__TASK GOAL__. Look for "Appartement" in the records and copy every line that has it.
** DATASET RECORDS follows **
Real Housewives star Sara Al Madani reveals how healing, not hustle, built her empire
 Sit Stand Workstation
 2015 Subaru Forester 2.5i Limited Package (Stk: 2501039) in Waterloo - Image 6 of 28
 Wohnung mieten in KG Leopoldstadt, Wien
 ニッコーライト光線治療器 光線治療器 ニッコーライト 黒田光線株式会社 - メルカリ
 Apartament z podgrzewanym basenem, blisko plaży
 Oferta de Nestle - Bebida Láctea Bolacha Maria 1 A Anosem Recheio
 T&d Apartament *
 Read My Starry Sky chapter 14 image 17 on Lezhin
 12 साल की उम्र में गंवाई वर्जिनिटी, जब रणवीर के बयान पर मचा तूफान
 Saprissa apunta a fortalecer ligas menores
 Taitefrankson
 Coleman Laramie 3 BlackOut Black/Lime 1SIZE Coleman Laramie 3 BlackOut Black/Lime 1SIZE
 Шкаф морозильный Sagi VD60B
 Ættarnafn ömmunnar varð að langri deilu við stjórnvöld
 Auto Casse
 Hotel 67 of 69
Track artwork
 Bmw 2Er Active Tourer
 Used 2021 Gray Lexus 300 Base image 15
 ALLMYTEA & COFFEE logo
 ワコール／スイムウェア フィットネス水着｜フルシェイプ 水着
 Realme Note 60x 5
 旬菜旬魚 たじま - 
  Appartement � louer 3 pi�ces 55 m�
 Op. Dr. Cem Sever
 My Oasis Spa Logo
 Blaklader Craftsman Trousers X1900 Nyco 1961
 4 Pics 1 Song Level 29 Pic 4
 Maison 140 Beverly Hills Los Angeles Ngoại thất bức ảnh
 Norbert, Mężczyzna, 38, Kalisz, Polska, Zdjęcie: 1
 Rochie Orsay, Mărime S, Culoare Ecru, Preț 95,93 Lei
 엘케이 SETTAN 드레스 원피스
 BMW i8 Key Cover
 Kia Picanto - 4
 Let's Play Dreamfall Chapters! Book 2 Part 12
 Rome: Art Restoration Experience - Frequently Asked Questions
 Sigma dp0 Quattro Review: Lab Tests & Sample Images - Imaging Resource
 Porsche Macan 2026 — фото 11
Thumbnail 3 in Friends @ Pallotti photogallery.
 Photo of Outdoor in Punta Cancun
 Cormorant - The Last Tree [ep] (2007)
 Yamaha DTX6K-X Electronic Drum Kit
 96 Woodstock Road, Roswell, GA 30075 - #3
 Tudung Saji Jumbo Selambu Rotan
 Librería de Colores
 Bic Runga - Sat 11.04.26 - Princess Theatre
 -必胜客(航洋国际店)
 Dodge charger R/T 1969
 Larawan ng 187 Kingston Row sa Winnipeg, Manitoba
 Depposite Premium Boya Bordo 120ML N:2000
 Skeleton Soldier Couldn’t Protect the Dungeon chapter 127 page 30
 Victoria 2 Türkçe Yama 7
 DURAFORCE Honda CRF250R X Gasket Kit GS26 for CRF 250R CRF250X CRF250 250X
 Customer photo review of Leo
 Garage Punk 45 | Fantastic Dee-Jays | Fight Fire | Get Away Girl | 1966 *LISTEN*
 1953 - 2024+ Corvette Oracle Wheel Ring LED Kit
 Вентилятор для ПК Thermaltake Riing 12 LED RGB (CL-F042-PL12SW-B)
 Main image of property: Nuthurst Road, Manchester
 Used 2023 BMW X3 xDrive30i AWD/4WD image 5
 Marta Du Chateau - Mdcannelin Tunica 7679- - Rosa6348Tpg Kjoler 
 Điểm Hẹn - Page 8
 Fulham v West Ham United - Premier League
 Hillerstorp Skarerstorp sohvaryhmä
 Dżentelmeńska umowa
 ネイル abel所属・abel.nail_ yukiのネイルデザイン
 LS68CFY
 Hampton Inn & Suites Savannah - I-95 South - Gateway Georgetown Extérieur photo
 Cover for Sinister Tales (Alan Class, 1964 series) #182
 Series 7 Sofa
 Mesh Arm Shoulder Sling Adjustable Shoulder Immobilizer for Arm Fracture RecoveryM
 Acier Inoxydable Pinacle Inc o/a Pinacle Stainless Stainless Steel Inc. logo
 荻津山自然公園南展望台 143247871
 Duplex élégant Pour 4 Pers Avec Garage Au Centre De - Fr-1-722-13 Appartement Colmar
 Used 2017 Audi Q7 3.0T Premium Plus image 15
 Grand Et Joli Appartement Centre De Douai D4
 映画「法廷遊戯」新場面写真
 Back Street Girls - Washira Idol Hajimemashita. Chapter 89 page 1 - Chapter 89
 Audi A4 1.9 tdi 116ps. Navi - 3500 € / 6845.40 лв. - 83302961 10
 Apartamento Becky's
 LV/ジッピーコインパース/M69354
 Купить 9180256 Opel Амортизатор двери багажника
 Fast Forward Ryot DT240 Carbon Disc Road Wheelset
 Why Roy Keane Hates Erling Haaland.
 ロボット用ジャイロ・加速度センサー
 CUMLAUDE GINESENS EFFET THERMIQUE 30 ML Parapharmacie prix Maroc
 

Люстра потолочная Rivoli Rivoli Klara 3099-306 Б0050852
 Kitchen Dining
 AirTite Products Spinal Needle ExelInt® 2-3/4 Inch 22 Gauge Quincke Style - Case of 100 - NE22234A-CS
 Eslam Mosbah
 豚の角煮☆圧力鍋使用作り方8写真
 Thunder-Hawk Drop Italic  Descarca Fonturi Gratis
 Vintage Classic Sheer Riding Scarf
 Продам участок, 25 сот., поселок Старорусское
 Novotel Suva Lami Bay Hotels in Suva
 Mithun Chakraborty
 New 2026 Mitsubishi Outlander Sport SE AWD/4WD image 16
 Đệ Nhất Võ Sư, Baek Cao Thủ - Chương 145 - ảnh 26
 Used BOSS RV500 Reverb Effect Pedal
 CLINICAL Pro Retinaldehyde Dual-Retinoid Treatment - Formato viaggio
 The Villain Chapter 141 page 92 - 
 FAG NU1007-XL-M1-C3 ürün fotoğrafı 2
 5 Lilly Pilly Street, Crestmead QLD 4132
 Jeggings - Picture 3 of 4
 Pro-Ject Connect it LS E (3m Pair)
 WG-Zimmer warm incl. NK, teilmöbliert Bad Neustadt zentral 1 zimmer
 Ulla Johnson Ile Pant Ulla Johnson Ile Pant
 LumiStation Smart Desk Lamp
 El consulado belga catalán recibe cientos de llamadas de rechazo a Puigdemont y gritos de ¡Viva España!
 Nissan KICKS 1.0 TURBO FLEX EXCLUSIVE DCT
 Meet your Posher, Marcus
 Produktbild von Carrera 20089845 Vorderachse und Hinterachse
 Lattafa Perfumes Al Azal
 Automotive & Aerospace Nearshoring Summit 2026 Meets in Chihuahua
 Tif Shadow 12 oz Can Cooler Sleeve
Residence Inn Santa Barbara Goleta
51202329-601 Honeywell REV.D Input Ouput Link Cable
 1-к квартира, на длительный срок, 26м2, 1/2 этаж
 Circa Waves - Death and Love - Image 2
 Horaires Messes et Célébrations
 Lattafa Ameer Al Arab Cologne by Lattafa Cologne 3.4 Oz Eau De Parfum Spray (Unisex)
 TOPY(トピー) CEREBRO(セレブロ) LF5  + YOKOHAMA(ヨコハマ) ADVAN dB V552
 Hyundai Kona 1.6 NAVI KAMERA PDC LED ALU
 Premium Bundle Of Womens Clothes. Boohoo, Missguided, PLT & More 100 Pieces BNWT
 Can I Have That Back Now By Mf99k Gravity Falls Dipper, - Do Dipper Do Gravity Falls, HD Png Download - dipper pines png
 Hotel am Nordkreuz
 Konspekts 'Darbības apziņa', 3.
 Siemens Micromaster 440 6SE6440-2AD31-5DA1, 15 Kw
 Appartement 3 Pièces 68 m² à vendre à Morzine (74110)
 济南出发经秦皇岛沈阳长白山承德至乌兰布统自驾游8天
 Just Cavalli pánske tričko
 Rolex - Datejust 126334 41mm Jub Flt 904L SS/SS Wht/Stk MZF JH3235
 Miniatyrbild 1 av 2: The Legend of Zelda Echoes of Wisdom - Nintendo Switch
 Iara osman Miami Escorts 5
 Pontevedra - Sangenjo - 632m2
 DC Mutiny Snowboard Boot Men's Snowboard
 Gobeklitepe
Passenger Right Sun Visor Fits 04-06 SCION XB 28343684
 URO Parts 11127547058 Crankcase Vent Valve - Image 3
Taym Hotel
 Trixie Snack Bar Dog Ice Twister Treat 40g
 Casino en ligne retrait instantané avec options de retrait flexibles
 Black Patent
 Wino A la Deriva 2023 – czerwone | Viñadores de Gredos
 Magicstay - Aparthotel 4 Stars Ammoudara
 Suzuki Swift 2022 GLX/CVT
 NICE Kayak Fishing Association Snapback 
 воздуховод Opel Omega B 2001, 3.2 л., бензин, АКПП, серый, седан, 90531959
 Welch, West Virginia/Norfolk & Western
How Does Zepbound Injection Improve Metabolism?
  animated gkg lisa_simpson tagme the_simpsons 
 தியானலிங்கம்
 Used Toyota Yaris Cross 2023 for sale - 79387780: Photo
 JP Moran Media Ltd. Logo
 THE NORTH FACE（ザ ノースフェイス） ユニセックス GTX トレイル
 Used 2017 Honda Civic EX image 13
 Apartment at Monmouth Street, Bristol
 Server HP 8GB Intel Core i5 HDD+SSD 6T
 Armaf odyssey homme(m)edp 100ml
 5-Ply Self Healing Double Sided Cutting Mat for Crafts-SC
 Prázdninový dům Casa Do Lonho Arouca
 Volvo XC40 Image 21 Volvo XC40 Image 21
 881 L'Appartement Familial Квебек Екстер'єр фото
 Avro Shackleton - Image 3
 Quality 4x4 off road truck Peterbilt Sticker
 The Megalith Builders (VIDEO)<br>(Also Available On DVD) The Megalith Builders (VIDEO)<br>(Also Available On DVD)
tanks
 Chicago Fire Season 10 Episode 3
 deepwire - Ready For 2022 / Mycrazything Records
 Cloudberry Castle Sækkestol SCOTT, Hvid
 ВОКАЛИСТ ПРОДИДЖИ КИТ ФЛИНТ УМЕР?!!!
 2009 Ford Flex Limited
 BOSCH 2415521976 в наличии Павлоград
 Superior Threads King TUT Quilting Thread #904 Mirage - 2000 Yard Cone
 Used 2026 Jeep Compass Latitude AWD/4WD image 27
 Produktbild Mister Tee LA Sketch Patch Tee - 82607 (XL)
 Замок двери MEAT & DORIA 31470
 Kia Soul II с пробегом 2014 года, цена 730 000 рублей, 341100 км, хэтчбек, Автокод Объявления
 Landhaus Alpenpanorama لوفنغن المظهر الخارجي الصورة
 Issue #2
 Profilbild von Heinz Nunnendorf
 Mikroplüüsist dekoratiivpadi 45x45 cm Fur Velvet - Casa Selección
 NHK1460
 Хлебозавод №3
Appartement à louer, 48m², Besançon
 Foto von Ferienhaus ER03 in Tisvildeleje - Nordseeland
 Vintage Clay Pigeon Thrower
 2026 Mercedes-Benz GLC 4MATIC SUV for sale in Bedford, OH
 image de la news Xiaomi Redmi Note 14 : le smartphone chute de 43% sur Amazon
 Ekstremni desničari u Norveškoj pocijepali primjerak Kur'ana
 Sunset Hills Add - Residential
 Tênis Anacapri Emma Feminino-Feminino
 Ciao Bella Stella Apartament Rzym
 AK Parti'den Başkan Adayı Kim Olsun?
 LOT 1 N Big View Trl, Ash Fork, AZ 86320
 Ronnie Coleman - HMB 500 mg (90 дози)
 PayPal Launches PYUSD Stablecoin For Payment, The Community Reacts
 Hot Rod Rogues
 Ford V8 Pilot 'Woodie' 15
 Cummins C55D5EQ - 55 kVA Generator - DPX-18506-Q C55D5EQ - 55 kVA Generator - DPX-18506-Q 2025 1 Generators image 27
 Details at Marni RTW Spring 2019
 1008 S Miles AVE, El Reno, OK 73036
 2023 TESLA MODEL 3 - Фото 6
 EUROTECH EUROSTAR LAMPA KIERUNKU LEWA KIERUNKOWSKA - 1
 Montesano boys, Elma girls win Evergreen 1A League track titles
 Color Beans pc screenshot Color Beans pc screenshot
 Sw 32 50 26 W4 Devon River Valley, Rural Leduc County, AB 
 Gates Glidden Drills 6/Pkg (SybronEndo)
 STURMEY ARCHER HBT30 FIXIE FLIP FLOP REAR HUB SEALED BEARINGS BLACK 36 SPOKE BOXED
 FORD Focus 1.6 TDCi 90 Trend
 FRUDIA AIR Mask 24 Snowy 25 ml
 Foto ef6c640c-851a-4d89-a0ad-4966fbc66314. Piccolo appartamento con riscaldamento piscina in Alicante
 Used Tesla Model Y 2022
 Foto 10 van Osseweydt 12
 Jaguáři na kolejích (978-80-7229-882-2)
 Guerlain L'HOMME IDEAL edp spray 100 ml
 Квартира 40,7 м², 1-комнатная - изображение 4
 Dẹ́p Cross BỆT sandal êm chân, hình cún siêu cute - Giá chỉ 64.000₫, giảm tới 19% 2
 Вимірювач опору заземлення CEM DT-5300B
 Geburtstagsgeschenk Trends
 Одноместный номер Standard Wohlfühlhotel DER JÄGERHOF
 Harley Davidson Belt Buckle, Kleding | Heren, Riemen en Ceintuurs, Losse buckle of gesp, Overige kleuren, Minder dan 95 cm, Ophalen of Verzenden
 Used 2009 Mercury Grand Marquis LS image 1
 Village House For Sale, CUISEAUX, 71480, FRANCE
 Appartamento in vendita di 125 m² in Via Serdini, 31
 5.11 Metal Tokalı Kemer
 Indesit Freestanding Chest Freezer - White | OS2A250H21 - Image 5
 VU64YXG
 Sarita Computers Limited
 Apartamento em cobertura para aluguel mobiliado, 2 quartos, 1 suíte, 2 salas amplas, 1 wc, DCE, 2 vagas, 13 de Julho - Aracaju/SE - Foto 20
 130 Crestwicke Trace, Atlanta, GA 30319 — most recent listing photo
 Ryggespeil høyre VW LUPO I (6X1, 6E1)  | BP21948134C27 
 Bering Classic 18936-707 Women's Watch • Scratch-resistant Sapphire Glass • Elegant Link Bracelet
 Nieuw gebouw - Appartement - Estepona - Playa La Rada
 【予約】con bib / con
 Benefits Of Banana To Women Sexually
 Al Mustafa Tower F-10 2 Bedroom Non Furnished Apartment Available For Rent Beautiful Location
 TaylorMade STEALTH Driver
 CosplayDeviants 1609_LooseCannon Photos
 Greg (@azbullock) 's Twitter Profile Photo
** End of DATASET RECORDS **
__SOLUTION FOR THIS TASK__.
  Appartement � louer 3 pi�ces 55 m�
 Duplex élégant Pour 4 Pers Avec Garage Au Centre De - Fr-1-722-13 Appartement Colmar
 Grand Et Joli Appartement Centre De Douai D4
 Appartement 3 Pièces 68 m² à vendre à Morzine (74110)
 881 L'Appartement Familial Квебек Екстер'єр фото
Appartement à louer, 48m², Besançon
 Nieuw gebouw - Appartement - Estepona - Playa La Rada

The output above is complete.